EXERCISE GOAL: In the entries that follow, the line with "Zerina dress by" opens the range and the line with "Minnow Fishing Lure" closes it; repeat that range exactly, both lines included.

--- DATA IN THIS EXERCISE ---

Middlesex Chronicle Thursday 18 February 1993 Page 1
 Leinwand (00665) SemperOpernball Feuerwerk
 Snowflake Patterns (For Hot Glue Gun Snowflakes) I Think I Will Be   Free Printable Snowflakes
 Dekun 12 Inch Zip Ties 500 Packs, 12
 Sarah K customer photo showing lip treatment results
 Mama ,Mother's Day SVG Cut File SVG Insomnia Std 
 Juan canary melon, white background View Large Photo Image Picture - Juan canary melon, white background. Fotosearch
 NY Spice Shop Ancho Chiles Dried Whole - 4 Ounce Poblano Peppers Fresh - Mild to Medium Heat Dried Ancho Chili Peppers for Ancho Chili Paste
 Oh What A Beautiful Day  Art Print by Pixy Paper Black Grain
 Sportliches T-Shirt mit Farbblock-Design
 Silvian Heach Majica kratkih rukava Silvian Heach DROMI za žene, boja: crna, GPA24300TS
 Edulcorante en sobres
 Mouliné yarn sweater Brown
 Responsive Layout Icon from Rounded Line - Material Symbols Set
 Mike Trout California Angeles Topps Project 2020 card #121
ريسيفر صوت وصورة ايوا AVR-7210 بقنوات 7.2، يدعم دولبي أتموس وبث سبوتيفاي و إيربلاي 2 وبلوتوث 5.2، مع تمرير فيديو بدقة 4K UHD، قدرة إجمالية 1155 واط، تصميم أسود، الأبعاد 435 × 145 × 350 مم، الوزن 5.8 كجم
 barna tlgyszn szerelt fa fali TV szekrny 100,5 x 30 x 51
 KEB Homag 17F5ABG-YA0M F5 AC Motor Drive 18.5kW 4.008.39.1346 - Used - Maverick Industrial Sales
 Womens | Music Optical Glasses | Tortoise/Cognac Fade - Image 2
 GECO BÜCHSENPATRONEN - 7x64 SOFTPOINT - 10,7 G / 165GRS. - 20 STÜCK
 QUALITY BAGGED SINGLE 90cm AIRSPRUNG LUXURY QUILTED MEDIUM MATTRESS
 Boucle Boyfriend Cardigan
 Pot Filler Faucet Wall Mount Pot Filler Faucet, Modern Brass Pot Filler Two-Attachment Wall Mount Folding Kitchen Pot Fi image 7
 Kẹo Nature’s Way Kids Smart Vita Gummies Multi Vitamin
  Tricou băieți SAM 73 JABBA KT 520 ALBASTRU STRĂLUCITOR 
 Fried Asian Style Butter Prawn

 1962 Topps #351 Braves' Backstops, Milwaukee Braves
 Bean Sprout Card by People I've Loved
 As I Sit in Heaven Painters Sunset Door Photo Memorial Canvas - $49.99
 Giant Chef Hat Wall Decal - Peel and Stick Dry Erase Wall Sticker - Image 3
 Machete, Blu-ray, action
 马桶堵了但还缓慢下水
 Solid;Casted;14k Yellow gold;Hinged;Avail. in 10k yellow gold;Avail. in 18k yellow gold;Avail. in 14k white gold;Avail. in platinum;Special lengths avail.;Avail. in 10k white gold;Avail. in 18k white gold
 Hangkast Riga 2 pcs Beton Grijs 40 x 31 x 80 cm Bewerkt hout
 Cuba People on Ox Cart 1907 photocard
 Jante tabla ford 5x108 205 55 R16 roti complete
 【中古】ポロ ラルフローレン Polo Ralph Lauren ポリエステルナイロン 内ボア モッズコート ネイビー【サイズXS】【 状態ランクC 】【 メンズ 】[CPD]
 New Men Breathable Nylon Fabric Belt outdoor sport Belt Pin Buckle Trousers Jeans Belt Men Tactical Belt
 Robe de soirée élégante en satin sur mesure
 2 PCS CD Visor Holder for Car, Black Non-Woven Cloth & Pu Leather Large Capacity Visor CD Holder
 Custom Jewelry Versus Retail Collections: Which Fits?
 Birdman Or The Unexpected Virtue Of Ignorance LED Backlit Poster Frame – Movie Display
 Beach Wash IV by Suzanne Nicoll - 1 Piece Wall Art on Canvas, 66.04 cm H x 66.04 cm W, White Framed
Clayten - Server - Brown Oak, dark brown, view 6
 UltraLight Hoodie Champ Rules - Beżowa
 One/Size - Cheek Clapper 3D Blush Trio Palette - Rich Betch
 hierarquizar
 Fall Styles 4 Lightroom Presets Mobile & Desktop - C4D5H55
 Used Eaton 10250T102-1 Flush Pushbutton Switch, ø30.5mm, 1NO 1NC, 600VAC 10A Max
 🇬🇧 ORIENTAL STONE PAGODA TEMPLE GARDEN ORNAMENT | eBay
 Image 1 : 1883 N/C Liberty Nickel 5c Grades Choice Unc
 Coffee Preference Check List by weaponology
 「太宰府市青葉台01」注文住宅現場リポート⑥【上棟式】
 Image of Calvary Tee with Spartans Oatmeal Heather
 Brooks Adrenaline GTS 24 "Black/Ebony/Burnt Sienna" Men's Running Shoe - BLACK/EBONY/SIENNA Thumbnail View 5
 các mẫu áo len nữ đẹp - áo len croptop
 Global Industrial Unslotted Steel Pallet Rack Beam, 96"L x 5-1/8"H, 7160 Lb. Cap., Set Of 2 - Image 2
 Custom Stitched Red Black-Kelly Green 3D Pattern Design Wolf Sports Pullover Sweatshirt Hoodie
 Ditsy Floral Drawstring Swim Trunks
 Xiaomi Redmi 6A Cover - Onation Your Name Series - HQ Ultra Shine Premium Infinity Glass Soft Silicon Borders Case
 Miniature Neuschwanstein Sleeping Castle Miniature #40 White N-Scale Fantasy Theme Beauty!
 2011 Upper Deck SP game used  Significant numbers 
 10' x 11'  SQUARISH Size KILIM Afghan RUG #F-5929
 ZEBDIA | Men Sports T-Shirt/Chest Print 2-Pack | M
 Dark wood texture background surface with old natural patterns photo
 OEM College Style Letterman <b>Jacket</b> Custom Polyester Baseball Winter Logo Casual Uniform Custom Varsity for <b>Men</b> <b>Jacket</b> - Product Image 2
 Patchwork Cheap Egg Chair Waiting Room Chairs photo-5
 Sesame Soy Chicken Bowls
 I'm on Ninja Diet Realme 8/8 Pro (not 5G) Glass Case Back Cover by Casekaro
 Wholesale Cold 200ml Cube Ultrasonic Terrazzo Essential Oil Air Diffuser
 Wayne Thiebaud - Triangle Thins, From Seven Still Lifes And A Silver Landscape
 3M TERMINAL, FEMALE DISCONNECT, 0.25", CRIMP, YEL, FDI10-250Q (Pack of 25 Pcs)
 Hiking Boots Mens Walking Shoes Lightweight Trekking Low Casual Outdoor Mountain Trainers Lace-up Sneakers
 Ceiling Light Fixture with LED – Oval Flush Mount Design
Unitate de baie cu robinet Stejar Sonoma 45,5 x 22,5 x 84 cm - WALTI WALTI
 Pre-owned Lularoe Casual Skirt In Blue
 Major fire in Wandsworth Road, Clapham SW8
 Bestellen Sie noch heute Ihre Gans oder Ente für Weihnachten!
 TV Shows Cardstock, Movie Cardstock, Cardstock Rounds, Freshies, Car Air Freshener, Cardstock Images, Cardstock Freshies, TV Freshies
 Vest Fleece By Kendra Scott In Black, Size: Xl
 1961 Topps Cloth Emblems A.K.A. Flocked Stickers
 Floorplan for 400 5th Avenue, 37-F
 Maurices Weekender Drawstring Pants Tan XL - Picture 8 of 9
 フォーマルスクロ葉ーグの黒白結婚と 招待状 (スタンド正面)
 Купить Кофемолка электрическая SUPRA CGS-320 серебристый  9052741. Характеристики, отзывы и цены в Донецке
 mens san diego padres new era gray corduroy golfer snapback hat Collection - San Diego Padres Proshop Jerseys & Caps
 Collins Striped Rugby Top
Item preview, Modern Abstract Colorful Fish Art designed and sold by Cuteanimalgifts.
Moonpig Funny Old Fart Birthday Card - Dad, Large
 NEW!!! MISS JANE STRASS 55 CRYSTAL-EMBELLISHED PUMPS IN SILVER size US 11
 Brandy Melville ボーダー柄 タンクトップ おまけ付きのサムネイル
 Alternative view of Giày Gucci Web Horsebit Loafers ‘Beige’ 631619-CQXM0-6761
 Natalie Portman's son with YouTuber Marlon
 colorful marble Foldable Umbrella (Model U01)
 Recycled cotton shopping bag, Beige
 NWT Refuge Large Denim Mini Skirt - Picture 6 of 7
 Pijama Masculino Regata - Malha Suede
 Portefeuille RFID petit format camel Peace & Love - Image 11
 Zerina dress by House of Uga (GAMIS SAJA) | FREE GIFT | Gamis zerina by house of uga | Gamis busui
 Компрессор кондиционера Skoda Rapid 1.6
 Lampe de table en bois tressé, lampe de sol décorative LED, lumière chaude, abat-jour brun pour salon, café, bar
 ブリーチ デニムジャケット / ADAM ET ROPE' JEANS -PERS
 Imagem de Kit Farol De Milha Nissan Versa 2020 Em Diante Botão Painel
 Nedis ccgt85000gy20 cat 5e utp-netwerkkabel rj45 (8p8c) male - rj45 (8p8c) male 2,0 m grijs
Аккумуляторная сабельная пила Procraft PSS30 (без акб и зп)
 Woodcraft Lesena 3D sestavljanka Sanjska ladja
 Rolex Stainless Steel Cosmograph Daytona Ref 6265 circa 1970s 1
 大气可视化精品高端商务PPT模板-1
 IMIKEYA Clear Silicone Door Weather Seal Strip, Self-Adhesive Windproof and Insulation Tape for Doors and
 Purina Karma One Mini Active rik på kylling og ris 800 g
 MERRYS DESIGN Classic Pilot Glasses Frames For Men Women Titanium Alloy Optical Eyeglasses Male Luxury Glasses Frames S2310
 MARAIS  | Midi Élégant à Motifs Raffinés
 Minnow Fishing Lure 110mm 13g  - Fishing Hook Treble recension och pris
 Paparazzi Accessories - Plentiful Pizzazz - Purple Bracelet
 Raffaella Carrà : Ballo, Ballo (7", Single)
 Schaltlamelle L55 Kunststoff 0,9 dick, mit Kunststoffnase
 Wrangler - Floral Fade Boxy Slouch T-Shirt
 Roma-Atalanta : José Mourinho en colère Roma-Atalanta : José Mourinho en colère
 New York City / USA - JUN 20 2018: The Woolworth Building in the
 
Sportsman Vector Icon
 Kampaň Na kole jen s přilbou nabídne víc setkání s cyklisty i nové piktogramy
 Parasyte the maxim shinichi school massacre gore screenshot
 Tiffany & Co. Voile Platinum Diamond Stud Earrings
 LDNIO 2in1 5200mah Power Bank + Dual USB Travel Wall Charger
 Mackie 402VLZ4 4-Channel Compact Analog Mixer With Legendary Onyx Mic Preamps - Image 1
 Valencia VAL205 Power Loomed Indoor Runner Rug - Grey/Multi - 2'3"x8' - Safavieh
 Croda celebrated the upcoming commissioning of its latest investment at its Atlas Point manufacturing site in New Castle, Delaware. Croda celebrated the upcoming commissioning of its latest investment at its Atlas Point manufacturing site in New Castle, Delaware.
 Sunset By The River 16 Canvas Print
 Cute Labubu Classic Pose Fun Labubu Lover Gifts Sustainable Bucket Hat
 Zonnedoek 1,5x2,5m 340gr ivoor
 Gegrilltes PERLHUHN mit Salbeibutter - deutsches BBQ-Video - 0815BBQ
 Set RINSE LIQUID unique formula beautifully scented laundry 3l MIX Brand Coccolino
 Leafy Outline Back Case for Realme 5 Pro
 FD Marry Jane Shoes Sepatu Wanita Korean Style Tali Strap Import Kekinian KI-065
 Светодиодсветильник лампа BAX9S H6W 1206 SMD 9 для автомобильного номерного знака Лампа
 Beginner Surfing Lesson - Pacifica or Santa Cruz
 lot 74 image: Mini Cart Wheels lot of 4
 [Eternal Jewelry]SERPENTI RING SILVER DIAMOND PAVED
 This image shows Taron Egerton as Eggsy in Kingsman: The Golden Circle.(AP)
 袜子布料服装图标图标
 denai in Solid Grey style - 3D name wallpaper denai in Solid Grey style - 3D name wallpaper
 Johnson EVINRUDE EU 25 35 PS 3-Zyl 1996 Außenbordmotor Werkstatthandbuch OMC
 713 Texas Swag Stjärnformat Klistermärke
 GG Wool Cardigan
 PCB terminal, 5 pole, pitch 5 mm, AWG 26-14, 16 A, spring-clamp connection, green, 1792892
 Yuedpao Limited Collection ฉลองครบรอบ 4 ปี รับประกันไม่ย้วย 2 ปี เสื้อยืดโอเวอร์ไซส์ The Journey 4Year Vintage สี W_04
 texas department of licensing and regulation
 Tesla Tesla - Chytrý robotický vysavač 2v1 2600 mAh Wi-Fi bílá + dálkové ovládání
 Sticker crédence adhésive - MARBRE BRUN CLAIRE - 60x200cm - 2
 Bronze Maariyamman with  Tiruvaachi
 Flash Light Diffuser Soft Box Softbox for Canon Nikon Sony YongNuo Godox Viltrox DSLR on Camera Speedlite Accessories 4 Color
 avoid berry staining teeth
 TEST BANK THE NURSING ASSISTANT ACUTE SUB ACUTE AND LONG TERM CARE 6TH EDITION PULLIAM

---

ANSWER TO THIS TASK:
 Zerina dress by House of Uga (GAMIS SAJA) | FREE GIFT | Gamis zerina by house of uga | Gamis busui
 Компрессор кондиционера Skoda Rapid 1.6
 Lampe de table en bois tressé, lampe de sol décorative LED, lumière chaude, abat-jour brun pour salon, café, bar
 ブリーチ デニムジャケット / ADAM ET ROPE' JEANS -PERS
 Imagem de Kit Farol De Milha Nissan Versa 2020 Em Diante Botão Painel
 Nedis ccgt85000gy20 cat 5e utp-netwerkkabel rj45 (8p8c) male - rj45 (8p8c) male 2,0 m grijs
Аккумуляторная сабельная пила Procraft PSS30 (без акб и зп)
 Woodcraft Lesena 3D sestavljanka Sanjska ladja
 Rolex Stainless Steel Cosmograph Daytona Ref 6265 circa 1970s 1
 大气可视化精品高端商务PPT模板-1
 IMIKEYA Clear Silicone Door Weather Seal Strip, Self-Adhesive Windproof and Insulation Tape for Doors and
 Purina Karma One Mini Active rik på kylling og ris 800 g
 MERRYS DESIGN Classic Pilot Glasses Frames For Men Women Titanium Alloy Optical Eyeglasses Male Luxury Glasses Frames S2310
 MARAIS  | Midi Élégant à Motifs Raffinés
 Minnow Fishing Lure 110mm 13g  - Fishing Hook Treble recension och pris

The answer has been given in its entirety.